Just after Mark Grace interviewed Justin Timberlake in front of a pool to promote a movie called "Friends With Benefits," home-field advantage in the World Series was decided. That sort of thing is a familiar backdrop for baseball history, reminiscent of when Phil Cavarretta interviewed Bobby Darin in front of a massage table at Forbes Field before Bill Mazeroski's home run.
With a home run from a player who wasn't going to make the World Series, the National League secured home-field advantage by winning the 2011 All-Star Game. Again, a homer in an exhibition in July is the reason why the St. Louis Cardinals will start the World Series at Busch Stadium, and get the last two games at home if the series goes six or seven games.
The idea was that the All-Star Game was too plain as an exhibition game, and the ratings needed a boost. By putting home-field advantage at stake, people were more likely to tune in and get fired up about their league's chances. This idea totally worked.
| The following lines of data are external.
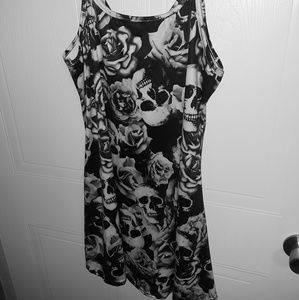 Women's Spaghetti Strap Skull Dress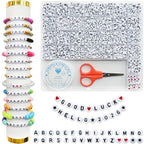Amaney 1500 Pieces 4x7mm White Round Acrylic Alphabet Letter Beads A-Z Number Beads Star Beads Heart Beads and Crystal Line for Jewelry Making - color: White&Number, size: 7x4mm
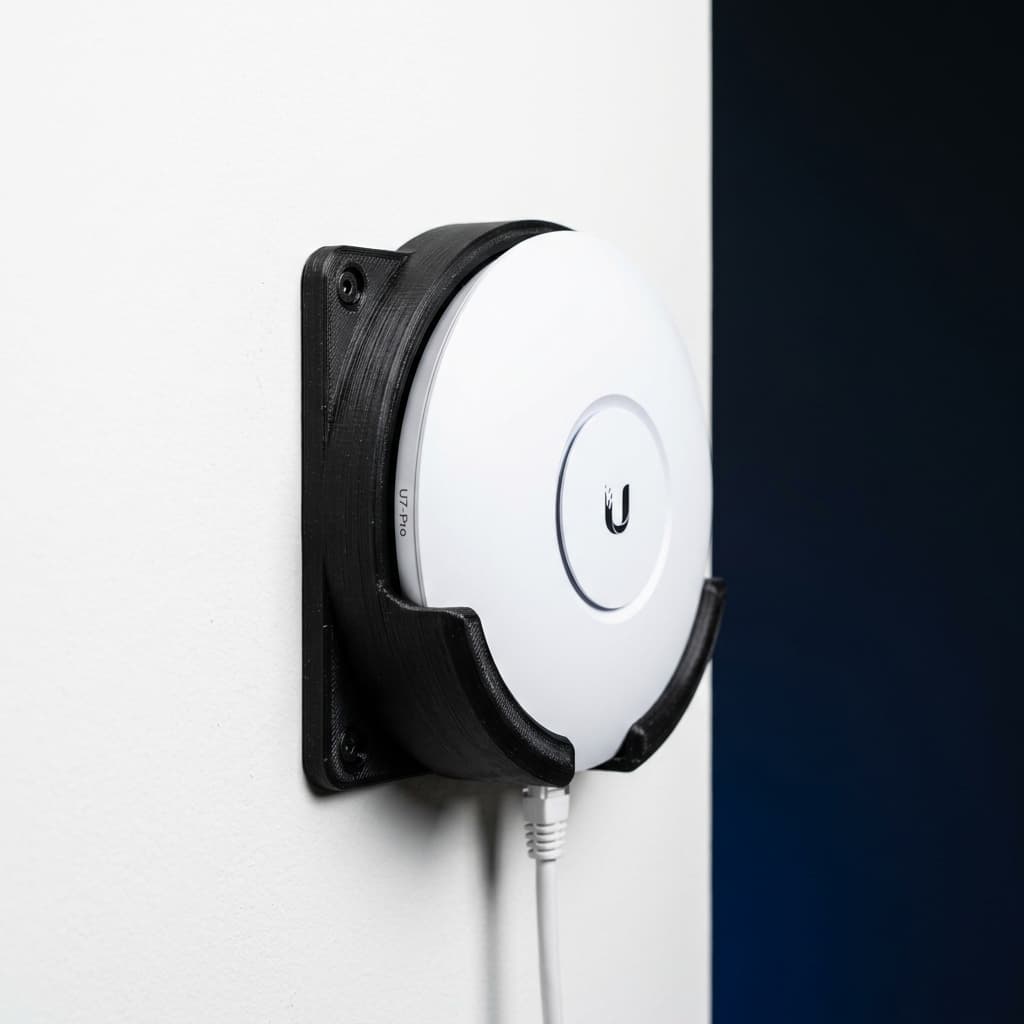 Custom 3D-printed wall mount holding a UniFi access point — precisely fitted to device dimensions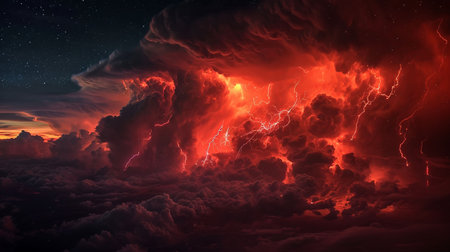 A surreal and haunting atmospheric light show in the upper atmosphere during a night thunderstormの素材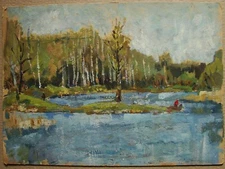 Ukrainian Soviet Oil Painting impressionism landscape spring flooding forest
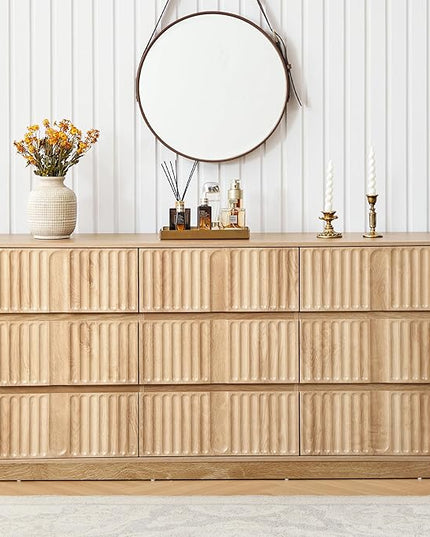 Fluted 9 Drawer Dresser for Bedroom, 60" Wide Modern Chest of Storage Drawers, Wood Dresser & Chest of Drawers with Curved Corners, Dressers TV Stand for Living Room (60" Natural 9 Drawer)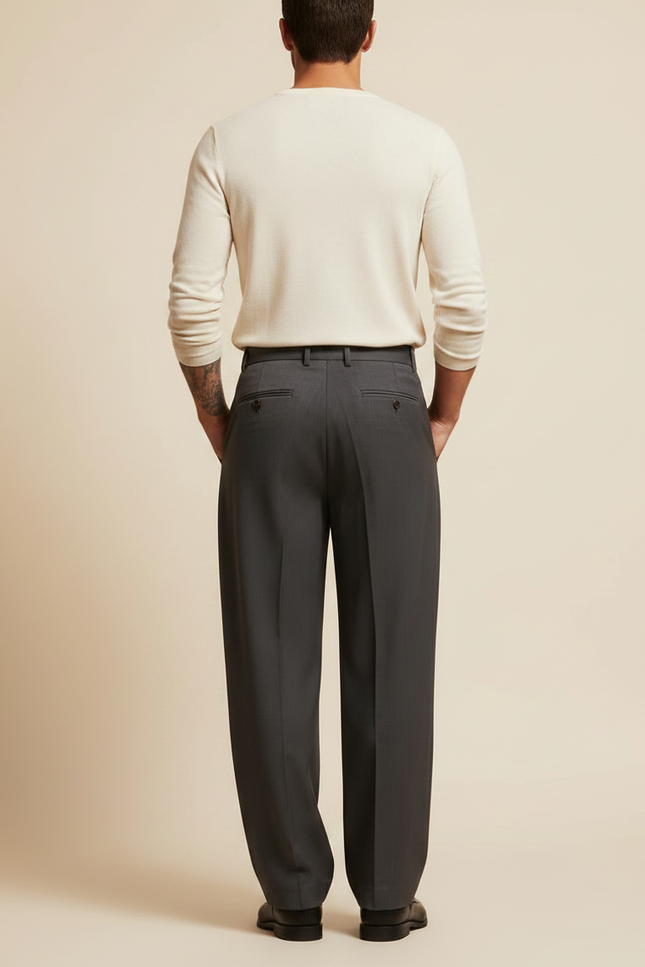 Pantalon À Pince Gris Foncé Plissé Ample Élégant Homme - Gabardine - vue 2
And by totally, I mean not in the slightest. No one cared when it was instituted, and no one cares when the All-Star Game is being played. The only time anyone cares is when the World Series rolls around, when you realize that Jordan Walden and Brandon League gave up runs that helped the Cardinals get an extra home game. And not to get too righteous, but that would be the second-place Cardinals, who didn't win their division.
There's a twist this time, though. The American League was managed by Texas Rangers skipper Ron Washington. He was the one who set the order of the lineup and decided when every reliever would come in. In the fourth inning, he brought in his own pitcher, C.J. Wilson.
Wilson threw an 88-m.p.h. cutter towards the middle of the plate, and Prince Fielder put a great swing on it to drive it out to left field. The NL went up 3-1. For the second season in a row, the Rangers would open the World Series on the road.
Finally, after almost a decade of home-field advantage being decided by random players in an exhibition game, the result finally makes a little bit of sense. The pitcher who allowed the home run is the pitcher who will likely start Game 1 of the World Series. The manager who put that pitcher in the All-Star Game is the manager who will pull the strings for the team representing the AL in the World Series. There's a certain serendipity to it all.
So here's how I used to rank the ways home-field advantage could be decided:
- Best record
- Interleague record
- Best run differential
- Alternate home-field advantage every year
- Number of ex-Cubs on each team
- Which manager's name makes for a more relevant anagram
- A coin flip
- A game of rosin bag/pine tar/donut, which is played just like rock/paper/scissors (best 162 out of 323)
- The winner of that year's All-Star Game
- The winner of that year's Taco Bell All-Star Legends and Celebrity Softball Game
Now that I see that it's possible for the All-Star Game to make sense as the home-field decider -- just as long as a team wins the pennant twice in a row, and has a player who does something important in said All-Star Game -- I'll have to adjust those rankings. The ASG winner moves up over coin flip. It has to. It's a huge, two-spot jump, but I feel comfortable in saying that it's a better way than a coin flip.
It's still not as good as anagrams. Ron Washington = "Shown ignorant." Bruce Bochy = "Chubby core." I think it's clear that Washington's anagram is better, especially when he's putting Neftali Feliz in to close a 10-run lead. The Rangers would have had home-field advantage in the World Series if Bud Selig had responded to just one of my 1,498 letters on the subject.
For this year, though, the Rangers will have to make do with a possible three World Series games at home. It usually doesn't make any sense, but at least it makes a tiny bit of sense this year. Don't get used to it. Odds are, next year's World Series will be affected by players and managers who won't have anything to do with the Fall Classic. This is as good as it gets. And it still feels pretty lame.